Следует иметь в виду, что во всех тех случаях, когда Кожев употребляет термин «власть» с заглавной буквы, он пользуется словом Autorite, а в тех местах, где употребляется рои voir («разделение властей» и т. п.), в переводе (как и в оригинале) оно пишется со строчной. Если отвлечься от стилистики Кожева – он часто выделял термины то посредством их написания с заглавной буквы, то разного рода подчеркиваниями – в данном случае речь идет не просто об особенностях написания. По существу, Кожев отождествляет Власть и Авторитет.
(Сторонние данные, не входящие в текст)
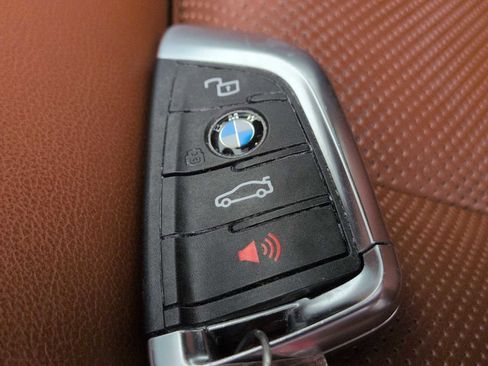 Used 2023 BMW M4 Coupe w/ M Driver's Package image 39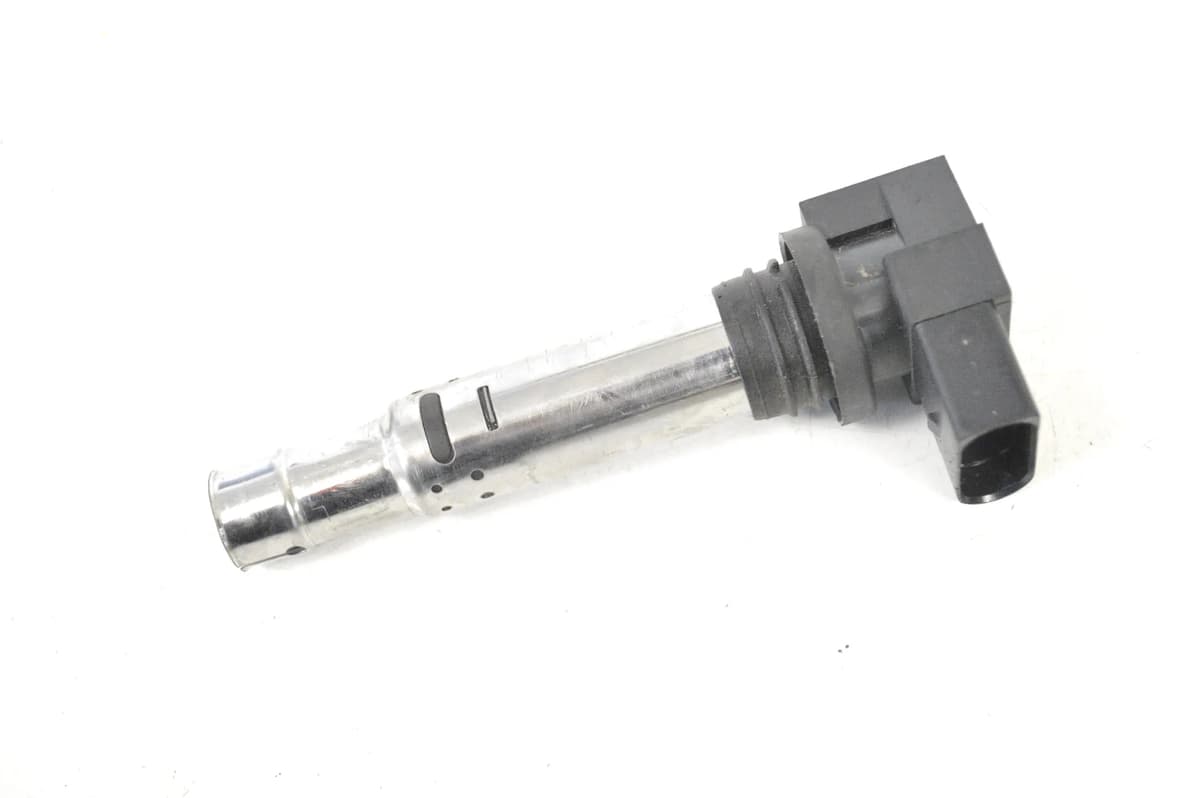 AUDI A3 8P 1.4 TFSI 2010 RHD Ignition Coil Pack 036905715F 12058437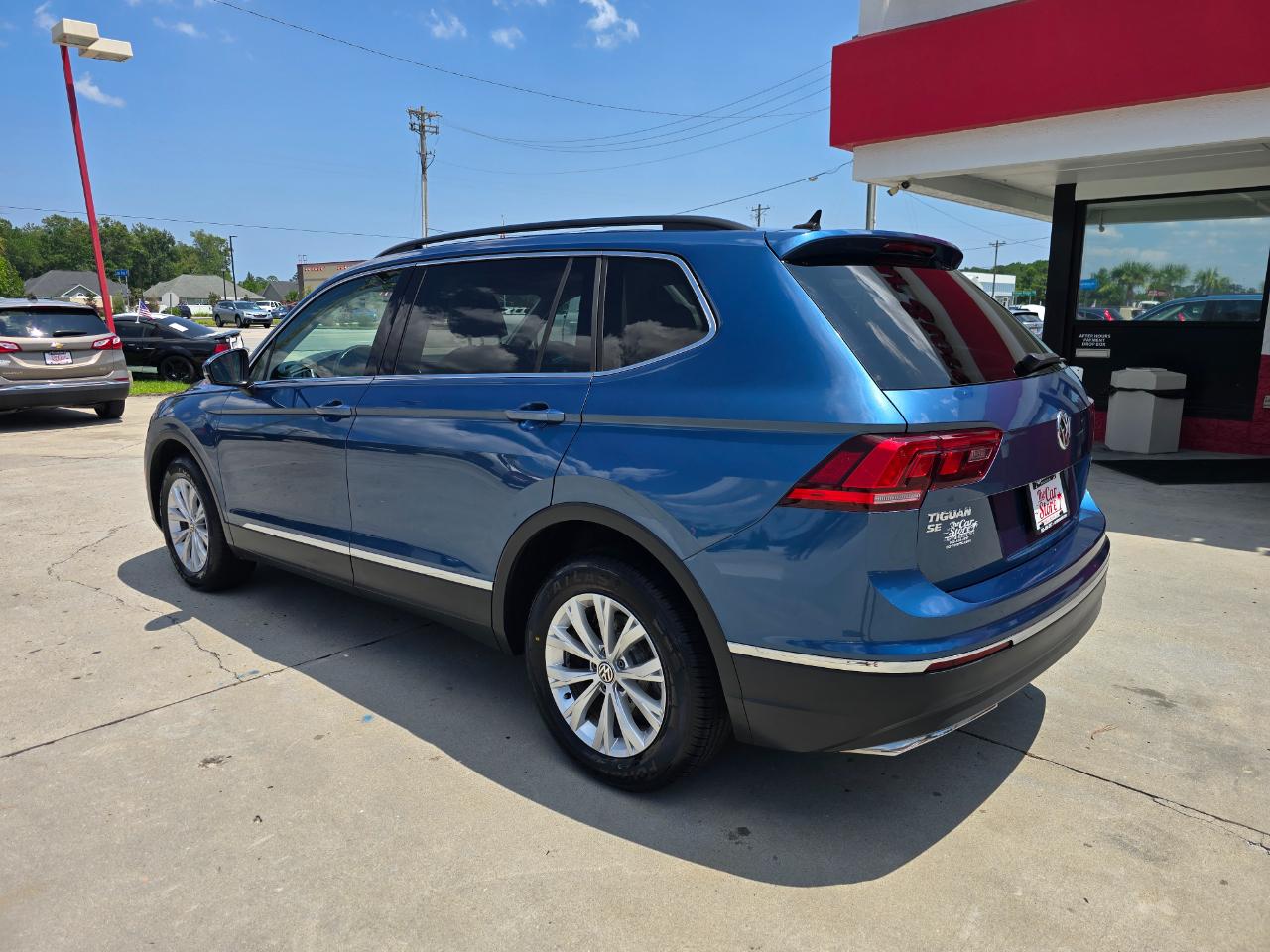 volkswagen tiguan 2018 3VV2B7AX9JM059569 image volkswagen tiguan 2018 3VV2B7AX9JM059569 image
Здесь у нас нет ни малейшей возможности заниматься разбором различных трактовок auctoritas и potestas, историей чуть ли не всей европейской политической мысли, начиная с Платона и Аристотеля (или даже с размышлений Солона о «благозаконии»). Очевидно то, что Кожев не принимает тех трактовок власти, в которых она редуцируется к силе или к властной воле. Но еще менее он склонен принимать общие места французских концепций конца XIX–начала XX вв. Его критика классической теории и практики «разделения властей» восходит не только к гегелевской философии, но прежде всего к некоторым немецким авторам того времени. То, что он внимательно читал К. Шмитта, хорошо видно по «Очерку феноменологии права». Его критика направлена на господствовавшие во французской политической и правовой теории идеи, сочетавшие учения Руссо (суверенитет, общая воля народа) и Монтескье (разделение властей). Как отмечал в своей статье 1916 г. Б. Кистяковский: «Как ни странно, во Франции совершенно не выработано общее понятие о государственной власти… обе эти идеи: и идея народного суверенитета, и идея разделения властей не затрагивают самой сущности власти, самой проблемы, что такое власть»[10]. Иногда двум этим расхожим идеям противопоставлялась столь же примитивная – сведение власти к господству силы (Л. Дюги). Так что объектом критики Кожева в данном сочинении выступает французская политико-правовая мысль того времени. Но и с преобладавшими в Германии (и в дореволюционной России) волевыми концепциями власти он явным образом расходится. Из российских дореволюционных мыслителей ему близки не воззрения русских гегельянцев (Чичерин, Ильин), тем более не Кистяковский с его психологизацией властных отношений, а Коркунов, который также сводил феномен власти к признанию подвластными своей зависимости от авторитета.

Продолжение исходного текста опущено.